Along the same lines, the new issue of Critical Criminology features a great new review of Yesterday’s Monsters by Rita Shah, author of The Meaning of Rehabilitation and Its Impact on Parole. Here it is, reproduced in its entirety:

Twenty-twenty was a watershed year for conversations around criminal justice reform, abolition, and transformative justice. Calls for change gained public support in ways rarely seen before. The combined ills of COVID-19 and police brutality highlighted issues within the “criminal legal system”Footnote1 of the United States (US) that could no longer be ignored. And yet, one area of the system remains in the background: community corrections. For all the calls to reform or abolish the carceral state, the “Cinderella complex” surrounding community supervision (Robinson 2016) helps maintain these systems as public secrets (Shah 2020). One book published in 2020 that aims to shed light on issues within a part of these systems—parole—is Hadar Aviram’s Yesterday’s Monsters: The Manson Family Cases and the Illusion of Parole.

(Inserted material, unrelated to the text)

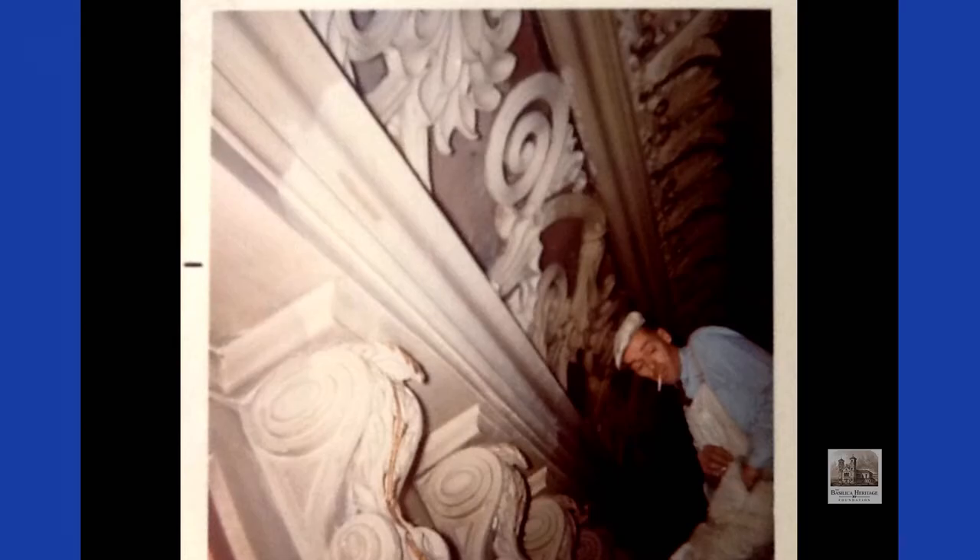The first ceiling installed in the Basilica after 1852 was flat and painted white. It remained like this until 1903. It was surrounded by a decorative cornice consisting of a number of neoclassical elements, such as rosettes alternating with brackets, string courses, vines — which the Conways called running dogs — another string course, and then alternating acanthus leaves and lotus leaves.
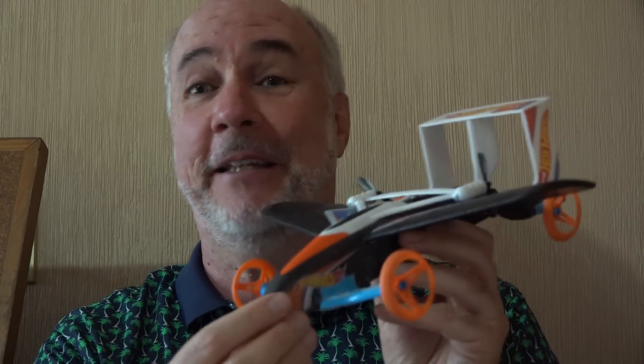Well, the FAA gives you this guideline: if it weighs more than about two sticks of butter, then you need to register it. I don't know if the FAA talked to the USDA about recommending keeping butter around to compare your drones to, but in my opinion, the Hot Wheels flying car does not weigh as much as two sticks of butter, so I believe it does not need to be registered.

Aviram’s book makes it clear that parole, particularly parole hearings, must be a part of conversations around criminal justice reform and transformative justice, and she uses an unusual case to do so. As Aviram notes in the Preface and Acknowledgments, she never intended to write a book about the Manson Family. Similarly, many of us never intend to read a book about the Mansons. In this case, however, not doing so would be a mistake. Yes, it is a book about the Manson Family. But it is also not a book about the Manson Family. Aviram deftly uses the story and lore of the Mansons as a vehicle to take a deep dive into the very opaque process of parole hearings and release decisions. Yesterday’s Monsters: The Manson Family Cases and the Illusion of Parole is also an examination of societal views on violent offenses and an exploration of how assumptions and prejudices about those who commit such crimes haunt the US criminal legal system decades after the fact. “The too long, didn’t read” summary for Aviram’s book is: come for the Manson Family cases; stay for the carceral critique.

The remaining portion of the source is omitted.